A a smart contract is a piece of computer programming code, usually written in a high level language, that instructs a blockchain on how to receive, process, store and distribute funds. Smart contracts are therefore the building blocks of financial applications that live on distributed and decentralized networks that process cryptocurrency.
Smart contracts instruct Caduceus to create on-chain functionality that will ultimately result in state changes to the DAG-driven state machine, a more advanced form of a blockchain that provides much needed efficiency to Metaverse and multimedia applications.
Smart contracts on Caduceus are usually written in the Solidity language targetting EVM, and are often organized into decentralized applications called D'Apps.

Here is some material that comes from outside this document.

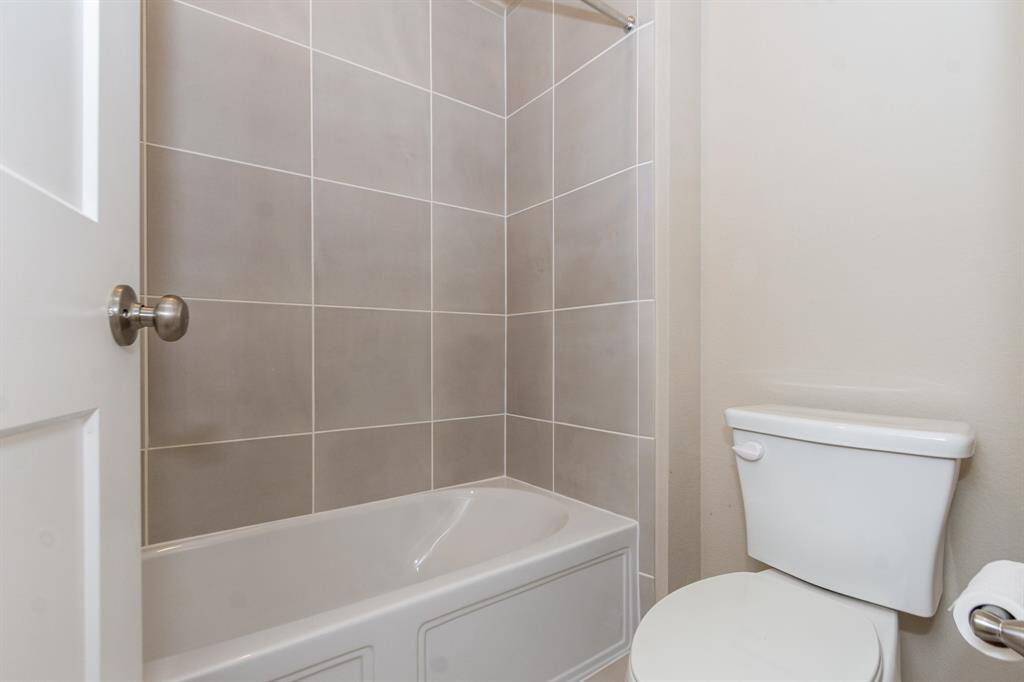 This bathroom features a modern design with neutral-toned tiles surrounding a bathtub, complemented by a white toilet and light walls for a clean, fresh look.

To get started with building smart contracts, we recommend the Caduceus IDE
On the other hand, WASM smart contracts may be written in RUST.
The Caduceus Metaverse Protocol can run smart contracts based on WASM and EVM, in addition to multiple built-in system contracts. Smart contracts support user-oriented programming capabilities on the blockchain, while system contracts provide the necessary conditions for the management and configuration of the Caduceus Metaverse Protocol's blockchain.
After smart contracts have been created by a D'app developer, the system will execute the contracts when the requirement arises. Before the smart contract is handed over to the smart contract engine for execution, it will go through a series of parameter verifications. These verifications include bytecode, version, contract calling method name, contract calling parameters, and contract engine type. When the smart contract execution engine is started, the bytecode, version, contract call method name, contract call parameters will be parsed and serialised into the data required by the smart contract execution engine and the data will be copied to the smart contract engine. During the execution of the smart contract execution engine, it will execute according to the above information and return the contract execution result. Finally, the contract execution result is handed over to the storage module for persistence in the transaction record.